Au fur et à mesure que l'intrigue progresse, des airs d'opéras sont insérés - parfois avec bonheur -, laissant à la discrétion des chanteurs le soin de les interpréter sans trop de casse. On découvre avec joie des pièces rares d'Adam, de Grétry et un extrait franchement rasoir du Devin du Village, unique opéra de Jean-Jacques Rousseau (auquel on saura gré d'avoir privilégié ses talents d'auteur).
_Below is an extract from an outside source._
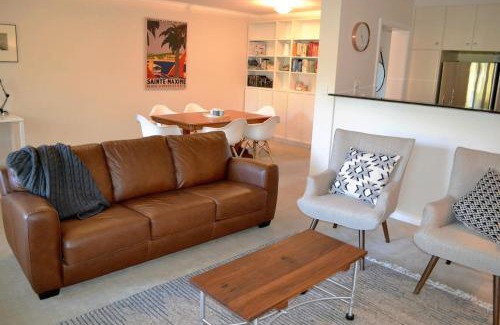 Reid Apartment | Spacious 2BR APT Next to the City - Hosted by Canstay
Des airs plus connus ainsi que des "tubes" sont également au programme, notamment la fameuse Barcarolle des Contes d'Hoffmann (ma voisine, une charmante octogénaire barbue et poitrinaire, m'assura avec un aplomb formidable que la Barcarolle était l'oeuvre de Franz Lehar).
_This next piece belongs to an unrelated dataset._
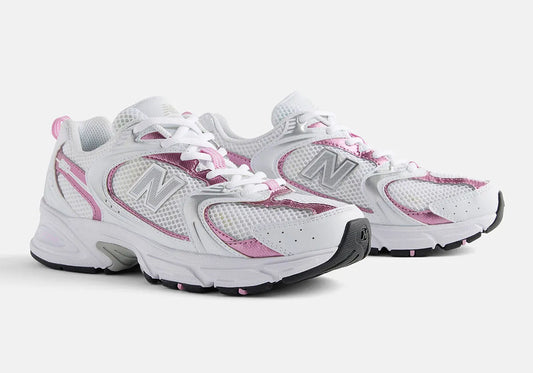 O New Balance 530 recebe a cor Pink Sugar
Le casting vocal est pour le moins déséquilibré. D'une part, de talentueux chanteurs d'opéra font ce qu'ils peuvent pour être acteurs (avec succès), d'autre part, des acteurs plutôt moyens font ce qu'ils peuvent pour être chanteurs (avec un peu moins de succès). Olivier Lallouette fait un sympathique homosexuel balladurien qui écoute des disques de cire sur son gramophone, on le trouvera particulièrement à son aise dans le monologue d'entrée de Golaud (accompagné au piano). Agnès Bove, sa prétendante, use d'une voix de crécelle et d'un jeu à la limite de la caricature pour venir à bout de ses interventions. Les moments de silence qu'elle nous offre - avec parcimonie - sont autant de petits havres de paix auxquels on s'accroche avec l'énergie du désespoir. Le ténor Emerson est une énigme ; fantaisiste plus que chanteur, il parvient tout de même à nous sortir un joli petit contre-ré tout coquet, pas très audible, certes, mais c'est l'intention qui compte. Il campe lui aussi un homosexuel très crédible, quoique résolument moins balladurien.
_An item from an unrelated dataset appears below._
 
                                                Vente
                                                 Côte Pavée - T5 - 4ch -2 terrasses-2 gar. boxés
Le trio de tête est donc constitué, dans le désordre, de Michèle Lagrange, de Marie Devellereau et de Michel Trempont. Celui-ci se paie le luxe de chanter, d'entrée de jeu et malgré son grand âge, l'air de Figaro du Barbier de Séville avec un aplomb confondant dans les aigus. Un peu court de souffle (le spectacle est joué cinq fois par semaine - encore une grande idée de Savary ?) il n'en est pas moins impressionnant. "Respect" comme disent nos amis les jeunes. Marie Devellereau, quant à elle, use des qualités qui font son succès : musicalité, jeu désopilant et aigus percutants. Son duo de Lakmé nous fait regretter qu'elle ne s'essaie pas, une fois encore, à l'héroïne au teint hâlé. Enfin, Michèle Lagrange est sans nul doute la star de la soirée, elle campe une diva grotesque, sosie d'Edita Gruberova. La chanteuse joue à fond la carte de l'accent de l'Est et nous offre quelques beaux moments d'humour. Elle se paiera aussi le luxe d'avoir un trou de mémoire dans la Habanera de Carmen, air dont tout le monde connaît les paroles. Elle en sortira hilare.

Le metteur en scène Robert Fortune fait ce qu'il peut d'un tel texte et l'Orchestre Ostinato, constitué de jeunes talents, ne démérite pas.

Encore une fois, avec une telle équipe et dans un tel lieu, il aurait été possible d'offrir au public un meilleur spectacle, mais comme celui-ci s'en va ravi et chantonnant, la critique n'a plus qu'à ravaler sa langue. Dont acte.